You've got to stand by her, she's obviously very scared of making a commitment, having an intense relationship with someone she feels a lot for, and by the sound of things she does like you and even may love you but is far too scared of something.

As most marriages, engagements, relationships fail these days who can blame her?

Has she been let down, hurt, abused, emotionally scarred in some way by a previous relationship somewhere along the line? She's definitely playing it safe getting close and then acting aloof, distant and unfriendly, she's on her guard all the time. or have you got a reputation she's heard about?

She doesn't want to be let down or hurt again, and so is denying her true feelings for you, and not going with the flow so to speak!

Its up to you I'm afraid you have to convince her you mean business and this is the real thing! Try being her knight in shining armour and just sweep her off her feet!!!

Number one priority by the way, are you both single and available? If either of you are married then that could also be a factor - Guilt!

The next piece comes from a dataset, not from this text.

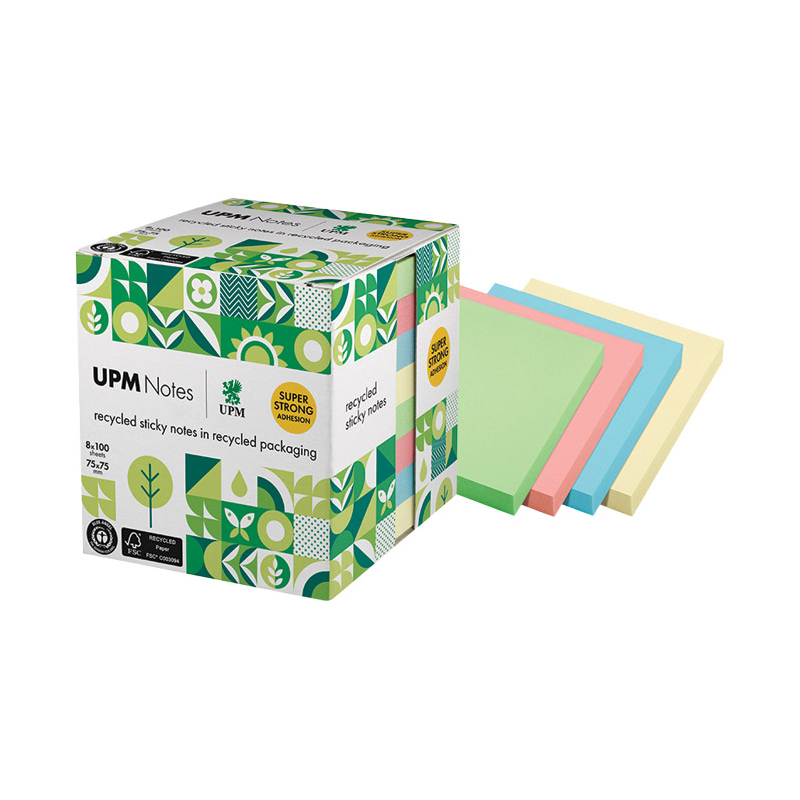 Blok samolepljiv 75x75mm 100L (reciklirani 100%) pk8 UPM 5654-88UR-8 pastel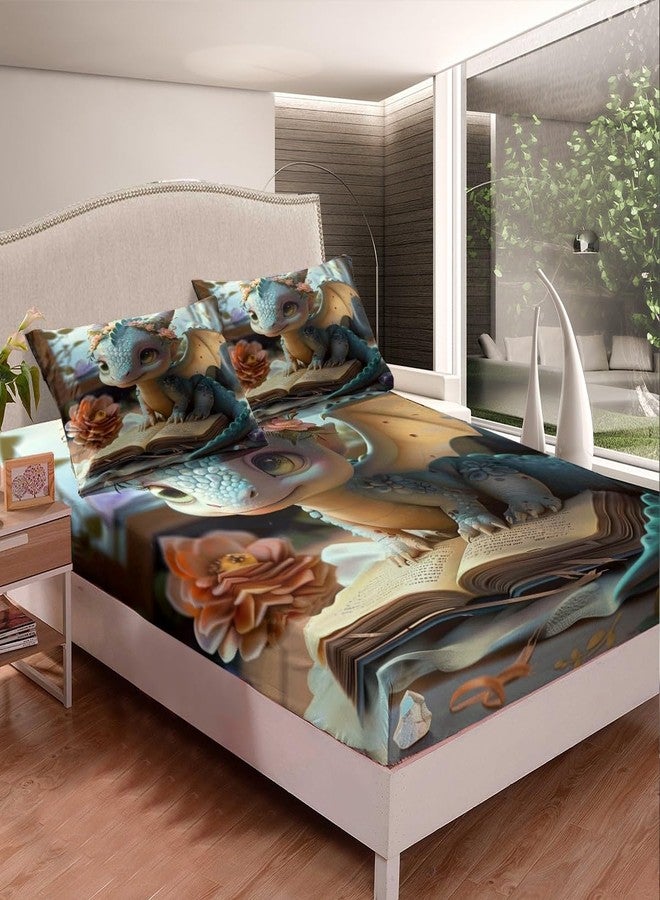 Castle Fairy Cartoon Dragon Fitted Sheet Queen Size Kids Fantasy Western Animal Bedding Set for Teens Wild Daisy Flower Bed Sheet Set Cute Dragons Bed Cover Room Decor - Image 2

If you're both free and single take up the courage and invite her away for the weekend, somewhere romantic, like the lakes, Cornwall or yes even London (very romantic, believe me.) You can stroll hand in hand through the park, go shopping at Covent gardens, and then have dinner or go to the flicks! hold her hand buy her some flowers, and most importantly tell her how you really feel about her women do actually like that kind of display of sensitivity you know. Tell her how she looks, you like her perfume etc., that sort of thing. and then you've cracked it.